= Task instructions =
Everything from the line containing "Bonito Piso En" to the end of the listing, both included, should be returned exactly, apart from the pictures.
Start of Provided information
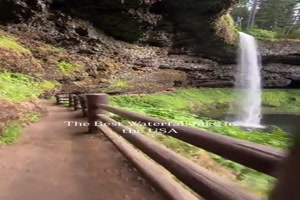 Toller-Wasserfall.mp4 auf www.funpot.net
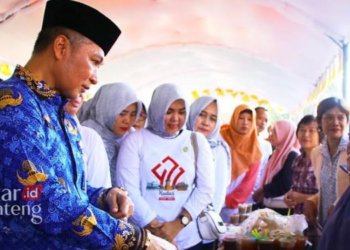 MONITORING: Bupati Kudus M. Hartopo saat memberikan arahan untuk para pedagang dalam rangka menstabilkan harga pangan di pasaran. (Nisa Hafizhotus. S/Lingkarjateng.id)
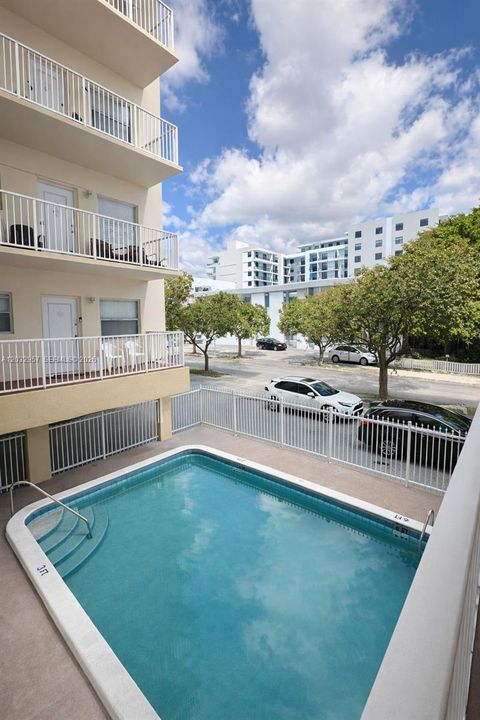 For Sale: $150,000 (1 beds, 1 baths, 640 Square Feet)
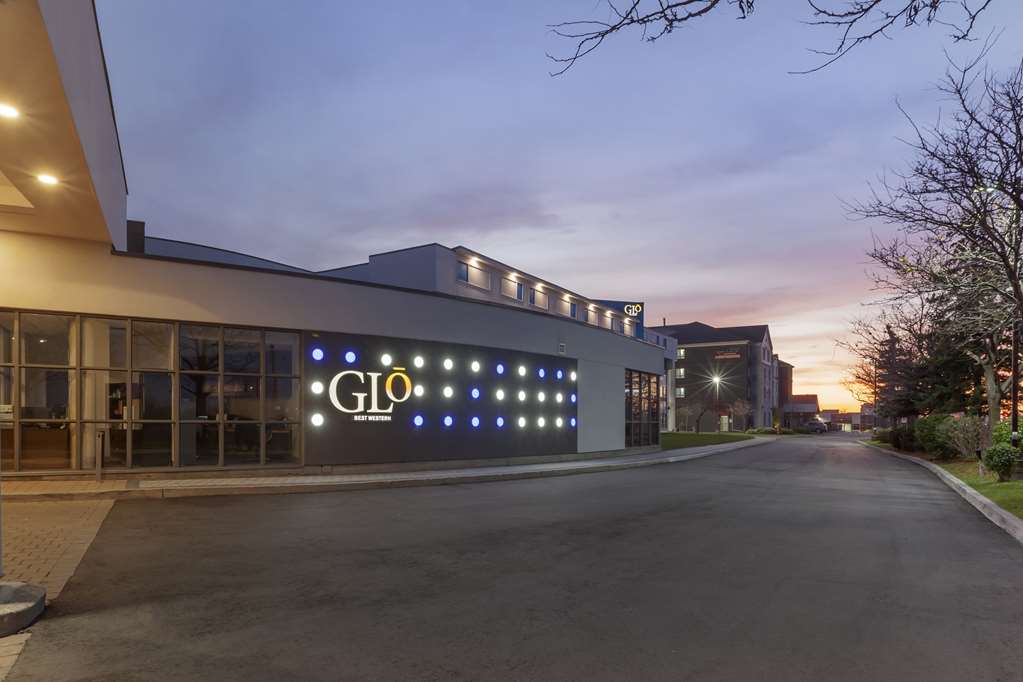 Hotel image of GLō Best Western Mississauga Corporate Centre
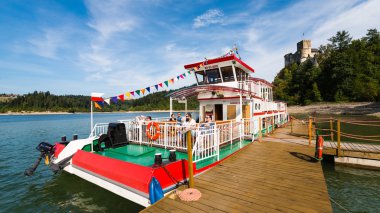 Niedzica, Polonya - bilgisiyle tekne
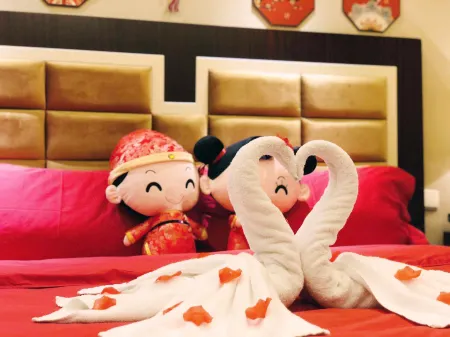 Shenyang Rich Gate Hotel Отели рядом с достопримечательностью «Dadong District Cultural Center»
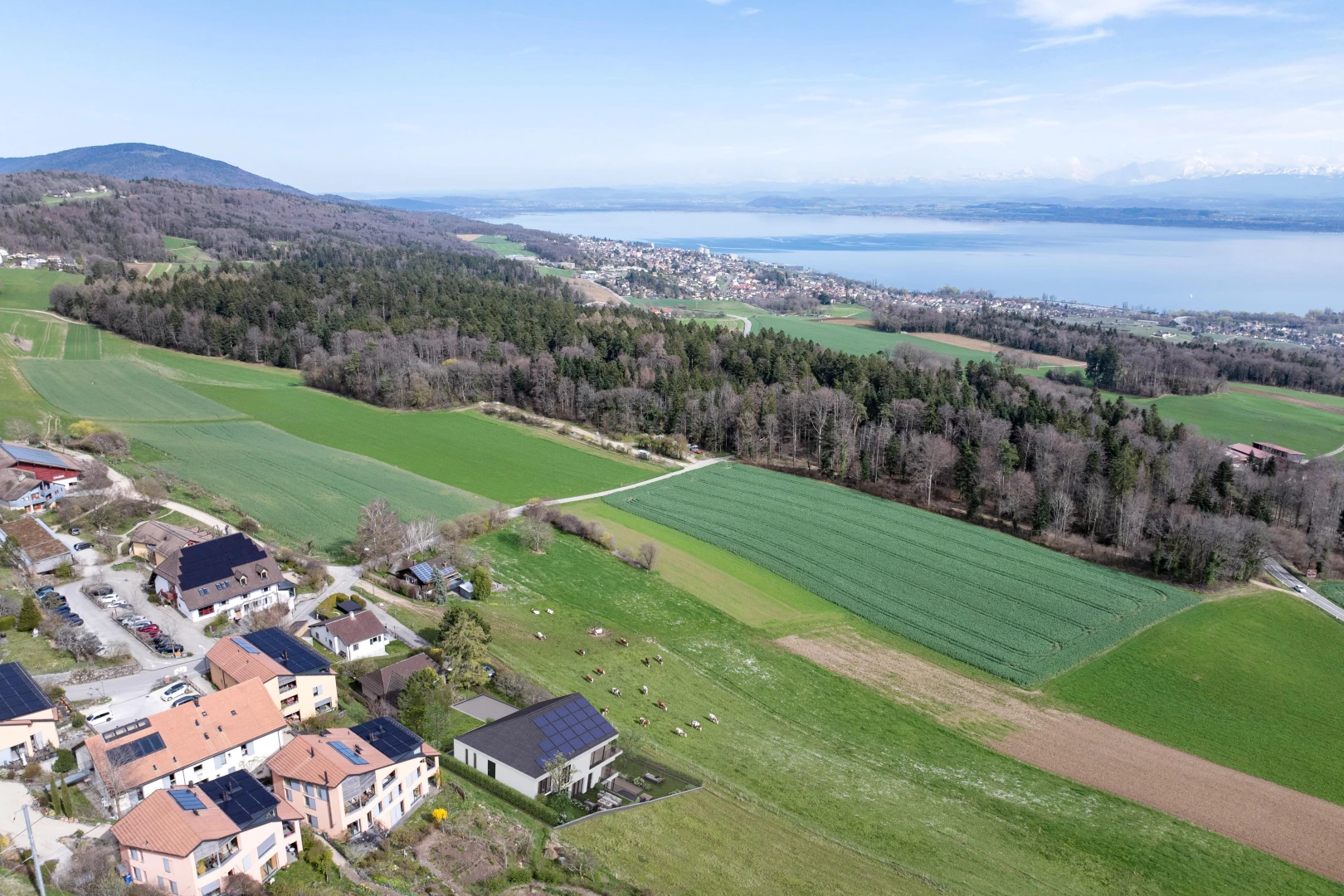 mountain view featuring a nearby body of water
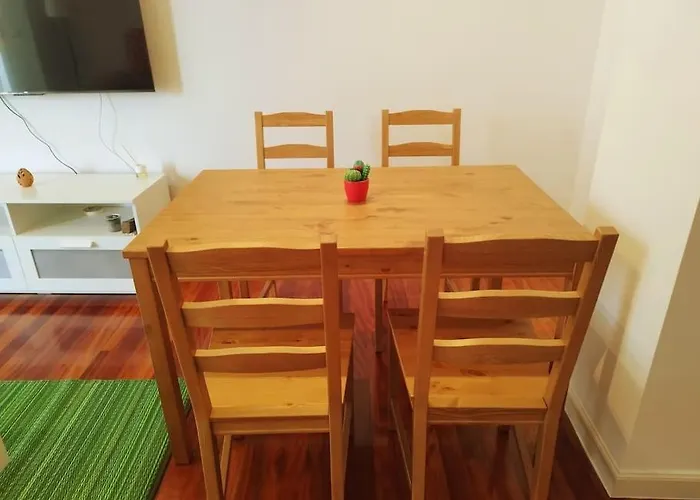 Bonito Piso En Solares, Entre Valles Pasiegos Y Playas *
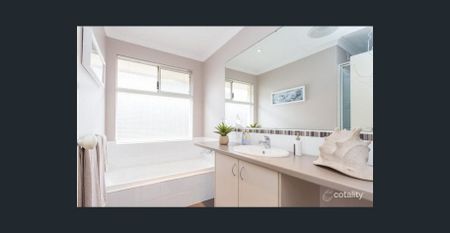 Modern 4x2 perfect for families! - Photo 5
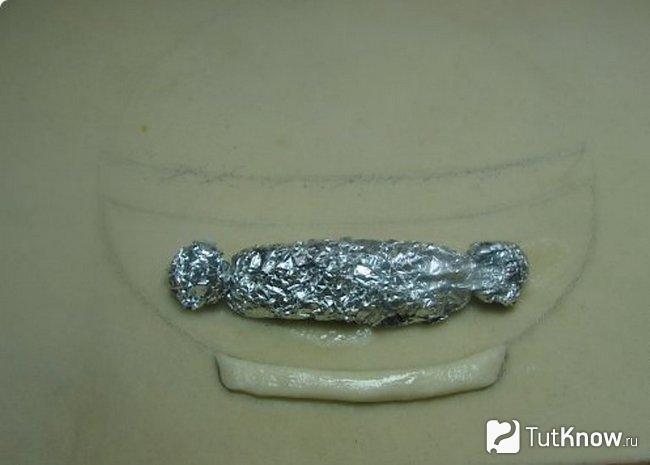 Заготовка из свёрнутой фольги крупным планом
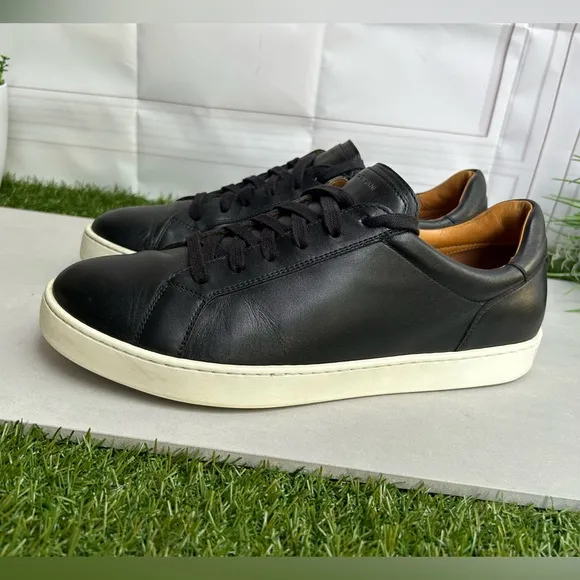 Magnanni Costa Lo Black Sneakers for Men size US 11 gently used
End of Provided information
= Result of this task =
 Bonito Piso En Solares, Entre Valles Pasiegos Y Playas *
 Modern 4x2 perfect for families! - Photo 5
 Заготовка из свёрнутой фольги крупным планом
 Magnanni Costa Lo Black Sneakers for Men size US 11 gently used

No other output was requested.